Why do doctors have poor handwriting skills
Doctors and Handwriting: Is It So Bad It Accidentally Kills Patients?
The source behind the Time article is a July 2006 report from the Institute of Medicine entitled "Preventing Medication Errors: Quality Chasm Series." A letter (PDF) is available online and the information here is taken from it.
The subject turns around adverse drug reactions (ADEs), including errors caused by incorrect prescriptions:
Some of these "Adverse Drug Events [ADEs]," as drug injuries are commonly known, are inevitable - for example, the more effective a medicine is, the more likely it is to have harmful side effects - but sometimes the harm is caused by a mistake in prescribing or taking the drug, and such harm is not inevitable. You can be prevented.
The number of avoidable ADEs is extremely large. The report suggests that a typical hospital patient experiences at least one medication error every day. Various studies have claimed 380,000 and 450,000 preventable ADEs per year. The committee behind the report takes these low estimates into account.

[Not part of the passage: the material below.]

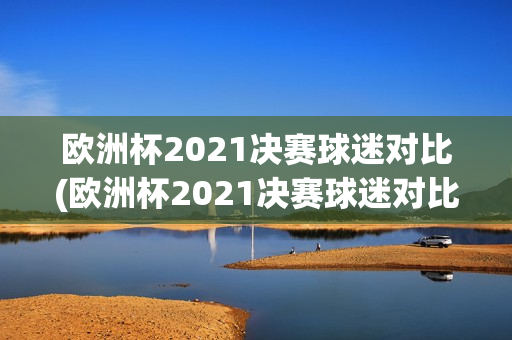 欧洲杯2021决赛球迷对比(欧洲杯2021决赛球迷对比视频)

For example, one study calculates that 800,000 preventable ADEs occur in long-term care facilities each year. Another finds that Medicare outpatients experience 530,000 preventable ADEs each year.
Again, these numbers are judged to be low, and it should be noted that none of these studies have prescriptions that should have happened, but never - omission errors. The committee concludes with the number of 1.5 million preventable ADEs occurring in the United States each year as a lowball estimate of which of the numbers in the time article will be used. So far, so good.
Unfortunately, these numbers are not broken down further in the letter. The only mention of the manuscript is in a section on how the use of new technology can help:
The use of electronic prescriptions or electronic prescriptions is even more promising. By writing prescriptions electronically, doctors and other providers can avoid many of the mistakes that come with handwritten prescriptions, as the software ensures that all of the required information is filled out and legible.
The note on legibility is hardly the focus of the section here. While it admits that poor handwriting plays a role in preventable ADEs, the letter alone does not provide sufficient grounds for the Time article's comments that "doctors' sloppy handwriting kills more than 7,000 people annually." While searching through the full report, I found a few more clues about handwriting issues:
Poorly handwritten prescription orders are the main source of misunderstanding between prescribing doctors, nurses, and pharmacists and have often resulted in serious injury or death due to misunderstanding of the drug or its dosage, route, or frequency (Cohen, 2000).
There was also a note too Transcription errors which could be seen as a container for handwriting errors. One study identified 29 of the 334 errors found as transcription errors. But nowhere in the report do I have an estimated number of Deaths found for something specifically aimed at handwriting.
Upon closer inspection of the Time article, I realized that writing might just be difficult:
Doctors' sloppy handwriting kills more than 7,000 people annually. It's a shocking statistic, and according to a July 2006 report by the National Academies of Science's Institute of Medicine (IOM), preventable medication errors injure more than 1.5 million Americans annually.
The 1.5 million statistic is from the IOM report, but the 7,000 people killed are completely without sources. The Straight Dope comments:
Actual statistics, apparently drawn from a 1998 Lancet paper on subsequent Institute of Medicine reports, say that 7,000 deaths each year in the United States are due to all drug failure of any kind in and out of hospitals and not only to those associated with poor penmanship.
The time article was a long way off in terms of their statistics and contrasted these statistics with an unrelated source. But the direct answer to the question, "Does bad handwriting kill people?" is that yes, it can if it is the underlying cause of ADD that leads to patient death. Is it a common problem? Not compared to the other preventable ADEs.